He stood in the front landing of his apartment, holding the letter that had been waiting for him on the rug where, as Gabriel Garrison, he left his shoes. At first he thought it might have been a note from his caretaker, informing him he was late on rent again, but when he reminded himself that his payment wasn't due yet, he had no idea what he might find within the envelope.
He read the letter again, making sure he had read it correctly the first time. He couldn't have, could he? How could--
Shifting inside, he powered down, sending his abilities deep within himself. The crackle of blue power that was always present while he was Axiom-man left him and for the first time since ever donning the suit, he no longer felt strong beneath the blue tights. It was as if he was nine years old again and realized that pretending to be a superhero and wearing a towel around your neck was stupid.

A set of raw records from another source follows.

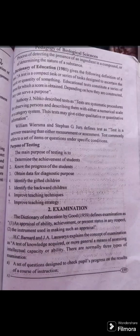A test is a compact task or series of tasks designed to ascertain the merit or quantity of something. When we look at educational tests, a test is a series of items from which a score is obtained — for example, a number such as 20.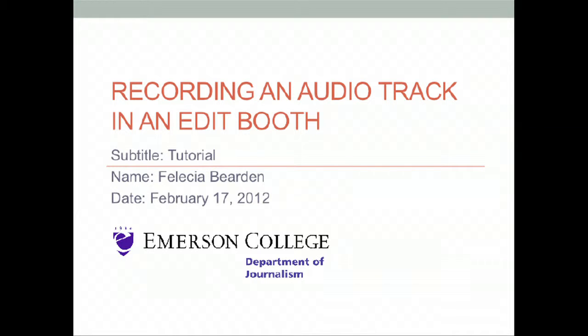Welcome. During this tutorial, you will learn how to record your tracks in the editing booth. But first, you should check to see if you have everything you need to record.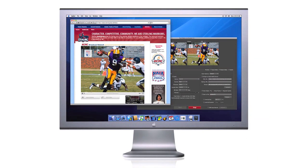Uppersports does not require you to enter into any contracts — simply begin broadcasting. Not all schools within a conference must broadcast for the Uppersports system to work. A conference can begin broadcasting with whichever schools are able to participate.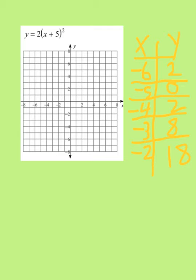All right, let's graph. I have negative 6, 2. Negative 6, positive 2 is right there. Next: negative 5, 0. Negative 5 is right here and 0 is right there, so negative 5, 0 is right there. Close enough.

Gabriel peeled down his mask, thinking that maybe the rims of the eyeholes were somehow obstructing his vision and he wasn't really seeing all that was on the page. But when he read the letter again, his stomach went hollow when he realized his eyes weren't fooling him.
The typed letter read:
Dear Mr. Garrison:
Please forgive me for writing you. For the longest time, four months now, I wasn't sure if I should. But now, it seems, I don't have a choice.
I know who you are, Gabriel. Who you really are. And, no, this isn't a prank. Let's just say that, like you, this knowledge has left me feeling ... blue.
Please don't fret, as for the time being, your secret is safe with me.But only if you help me. If you don't...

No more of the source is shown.